Piscina de mareas en Leça da Palmeira (Portugal). 1959-1973

“Cualquiera sabe dónde poner los pies, y se supone que un arquitecto los pone en lugares diferentes”1.

Las piscinas de mareas, cercanas al Restaurante Casa de Té Boa Nova (ambos en Leça da Palmeira), se asientan sobre el litoral de la costa. Es una construcción ubicada en el límite con el océano, a caballo entre dos mundos (el marítimo y el terrestre).

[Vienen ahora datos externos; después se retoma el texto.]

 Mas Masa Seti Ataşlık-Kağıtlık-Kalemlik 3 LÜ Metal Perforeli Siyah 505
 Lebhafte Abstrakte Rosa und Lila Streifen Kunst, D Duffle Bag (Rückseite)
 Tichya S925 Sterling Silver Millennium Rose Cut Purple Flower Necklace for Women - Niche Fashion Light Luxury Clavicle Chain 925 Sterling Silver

La idea inicial promovida desde la municipalidad de crear una piscina de mareas requería un profundo estudio técnico, dadas las condiciones del fuerte oleaje en esa localización. Siza analizó la distribución del macizo rocoso existente para aprovecharlo, en la medida de lo posible, como contención del mar. Y de esta manera, utilizó el hormigón como material para construir y completar los vasos de las piscinas. Su utilización, la justifica como la única forma de intentar resistir el embate del mar. Sin embargo, en varias ocasiones “con las primeras mareas vivas, el mar e llevó un trozo de muro, corrigiendo lo que no estaba bien2.

Esa labor de corrección se tradujo en un arduo trabajo de siete años de observación y adaptación. En las piscinas, por momentos, se pierde la noción del límite. Bañándonos en su interior, no sabemos a ciencia cierta si se hace realmente en una piscina o en el propio mar. De este modo, vivimos una sensación mágica.

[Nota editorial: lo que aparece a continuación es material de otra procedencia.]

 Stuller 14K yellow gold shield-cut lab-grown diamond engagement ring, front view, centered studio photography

Además de los vasos, se levantó una construcción auxiliar necesaria. En su interior, se alojan dependencias como los vestuarios y otros servicios. Para no restar protagonismo al océano y su fuerza, este edificio apenas se destaca. Con este propósito, se dispone de forma longitudinal y paralela al borde marítimo. Además, sólo alcanza una altura con lo que su impacto se reduce al máximo. Por último, y no menos importante, se construye con el mismo material: el hormigón, creando una unidad con los vasos de las piscinas y los muros de contención del oleaje. Pareciera que el edificio sale del terreno y del macizo rocoso con una misma tonalidad creada por el mar. Si tenemos oportunidad, conviene, disfrutar de este encuentro con el mar, donde la arquitectura aparece para propiciarlo en dosis adecuadas.

1“Piscina de Leça da Palmeira” en “Álvaro Siza. Textos”. Edición de Carlos Campos Morais. Abada Editores, S.L. 2014, Madrid. p.28
2Edición de Carlos Campos Morais. Obra citada.